Some clean up is useful for your Data Sets #1

Open amaajemyfren opened this issue · 1 comment
amaajemyfren commented over 1 year ago


The problem as I see it:

I heard about your data sets from a tweet by David Ndii and as of now I love them. As far as Kenyan Data is concerned it allows me to be able to read the data without having to go to the work of extracting the data from KNBS PDF documents. That is helpful.

KNBS data is written, I think, to be read in a book. As such it has a lot of intermittent summaries - your data is usually the same as the data in the KNBS and so it is hard to process because you have to remove the summaries before you can analyse it.

Take this data for example. The first row shows the country Kenya - this is the summary of the whole data! So if I was to sum the Conventional Households column e.g. It would be entering the data twice. Well not twice ... let me explain.

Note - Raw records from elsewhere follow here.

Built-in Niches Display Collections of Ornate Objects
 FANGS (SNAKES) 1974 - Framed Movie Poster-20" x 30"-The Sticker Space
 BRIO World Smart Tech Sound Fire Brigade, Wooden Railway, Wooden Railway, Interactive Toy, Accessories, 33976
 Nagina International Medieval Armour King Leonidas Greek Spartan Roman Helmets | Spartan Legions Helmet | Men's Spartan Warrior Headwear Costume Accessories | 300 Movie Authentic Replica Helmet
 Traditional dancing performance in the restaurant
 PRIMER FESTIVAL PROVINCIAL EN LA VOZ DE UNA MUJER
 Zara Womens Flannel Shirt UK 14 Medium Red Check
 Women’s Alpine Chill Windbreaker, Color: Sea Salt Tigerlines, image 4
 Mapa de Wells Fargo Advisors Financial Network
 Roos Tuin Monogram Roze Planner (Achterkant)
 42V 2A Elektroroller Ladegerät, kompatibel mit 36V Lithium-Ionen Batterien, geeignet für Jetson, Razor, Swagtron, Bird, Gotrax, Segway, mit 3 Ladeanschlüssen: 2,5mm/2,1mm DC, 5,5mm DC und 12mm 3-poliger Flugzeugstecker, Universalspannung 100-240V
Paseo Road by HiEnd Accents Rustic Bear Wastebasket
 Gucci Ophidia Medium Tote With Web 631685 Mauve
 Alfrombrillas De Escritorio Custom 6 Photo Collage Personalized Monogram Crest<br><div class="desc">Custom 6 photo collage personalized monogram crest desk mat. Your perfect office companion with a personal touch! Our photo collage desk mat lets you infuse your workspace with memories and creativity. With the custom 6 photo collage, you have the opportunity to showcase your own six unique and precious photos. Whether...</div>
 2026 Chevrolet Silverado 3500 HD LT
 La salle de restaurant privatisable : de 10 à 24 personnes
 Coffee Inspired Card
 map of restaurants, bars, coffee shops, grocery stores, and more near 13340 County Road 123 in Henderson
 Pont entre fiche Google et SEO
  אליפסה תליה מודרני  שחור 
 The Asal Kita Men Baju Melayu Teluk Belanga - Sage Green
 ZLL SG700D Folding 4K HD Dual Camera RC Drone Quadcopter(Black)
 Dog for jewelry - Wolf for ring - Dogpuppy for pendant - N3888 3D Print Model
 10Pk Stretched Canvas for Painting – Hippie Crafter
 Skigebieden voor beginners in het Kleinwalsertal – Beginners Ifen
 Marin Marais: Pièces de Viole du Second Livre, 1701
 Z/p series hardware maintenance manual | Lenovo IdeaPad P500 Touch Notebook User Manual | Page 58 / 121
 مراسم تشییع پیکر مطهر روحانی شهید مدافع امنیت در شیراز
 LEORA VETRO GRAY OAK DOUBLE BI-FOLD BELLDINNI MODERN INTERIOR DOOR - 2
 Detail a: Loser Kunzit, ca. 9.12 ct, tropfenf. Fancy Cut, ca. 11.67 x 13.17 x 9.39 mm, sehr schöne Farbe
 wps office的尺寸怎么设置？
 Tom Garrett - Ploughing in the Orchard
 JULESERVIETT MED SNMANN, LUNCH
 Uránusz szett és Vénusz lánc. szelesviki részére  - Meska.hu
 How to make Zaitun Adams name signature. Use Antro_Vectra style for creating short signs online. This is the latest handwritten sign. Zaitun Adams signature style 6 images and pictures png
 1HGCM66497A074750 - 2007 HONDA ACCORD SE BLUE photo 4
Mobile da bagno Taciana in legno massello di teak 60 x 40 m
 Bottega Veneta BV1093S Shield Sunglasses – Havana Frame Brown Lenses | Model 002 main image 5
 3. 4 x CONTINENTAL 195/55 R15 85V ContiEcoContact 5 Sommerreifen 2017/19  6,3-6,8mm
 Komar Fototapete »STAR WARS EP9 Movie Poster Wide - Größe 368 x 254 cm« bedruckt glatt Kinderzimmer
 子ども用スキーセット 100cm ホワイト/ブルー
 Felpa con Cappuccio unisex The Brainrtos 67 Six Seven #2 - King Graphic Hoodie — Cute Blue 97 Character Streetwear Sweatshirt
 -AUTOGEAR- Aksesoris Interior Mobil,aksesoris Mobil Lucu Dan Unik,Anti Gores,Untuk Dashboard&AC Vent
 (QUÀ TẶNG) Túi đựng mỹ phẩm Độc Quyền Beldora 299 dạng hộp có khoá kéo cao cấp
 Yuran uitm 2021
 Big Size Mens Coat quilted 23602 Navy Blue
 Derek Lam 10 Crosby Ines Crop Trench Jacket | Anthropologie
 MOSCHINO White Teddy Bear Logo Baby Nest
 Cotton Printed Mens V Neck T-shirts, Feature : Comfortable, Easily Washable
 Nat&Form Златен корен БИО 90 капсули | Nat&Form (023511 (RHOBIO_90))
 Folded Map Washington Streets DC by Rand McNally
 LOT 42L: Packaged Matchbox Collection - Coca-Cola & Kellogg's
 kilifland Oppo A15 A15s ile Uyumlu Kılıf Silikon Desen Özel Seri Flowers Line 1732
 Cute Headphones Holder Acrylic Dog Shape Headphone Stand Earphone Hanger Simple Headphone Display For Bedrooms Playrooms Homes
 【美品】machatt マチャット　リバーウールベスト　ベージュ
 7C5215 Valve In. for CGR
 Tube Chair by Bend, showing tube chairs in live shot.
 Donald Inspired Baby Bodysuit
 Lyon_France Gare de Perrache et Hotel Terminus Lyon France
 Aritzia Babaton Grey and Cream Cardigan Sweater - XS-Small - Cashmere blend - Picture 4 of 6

The Rural and Urban columns are also summaries ... but they are useful summaries Many counties are in both rural and urban setting it is important to have that summary - but it adds an additional layer of duplication. Further more the actual data also has county summaries. e.g. Take MOMBASA, It is comprised of the following sub-counties.

  2. JOMVU
  5. MVITA
  6. NYALI

(Look at the Conventional Households data -> CHANGAMWE, 46,439 + JOMVU, 53,214 + KISAUNI, 88,159 + LIKONI, 80,002 + MVITA, 38,710 +NYALI, 69, 771 = MOMBASA 376,295

So summing up that column would repeat the number of households 4 times (the actual number, plus the summary per county, plus the summary rural/urban plus the total of Kenya)


What I would propose is that you please clean this out e.g:

  1. First remove the Kenya column - anyone can use excel to calculate that one.
  2. The summary Rural/Urban could be left there but have a space separating it with the rest of the data - alternatively you could put it (with a space) after the end of the data. It should also have its own title row with County/Sub-County replaced by Area Type. In Excel spreadsheets it could be in another workbook.
  3. The whole sheet could have a new column added on the left titled county and the name of the county added to it. This means you remove e.g. MOMBASA from being its own row and for each of its sub-counties place it on the left of the sub-county... like so:

Proposed Header

And you are done ...

Now incase you do not know the county level data for Kenya they are the following that I was using to clean up your data could help it has the County and Sub Counties in the wrong order ... but you can change that.

( In case your formatter removes it here it is)

I think the rule is - the first time you find the county name remove it and start adding it on the left column. As you can see there are some sub-counties that have the same name as the county.

amaajemyfren commented over 1 year ago

Well .... maybe the issues don't work!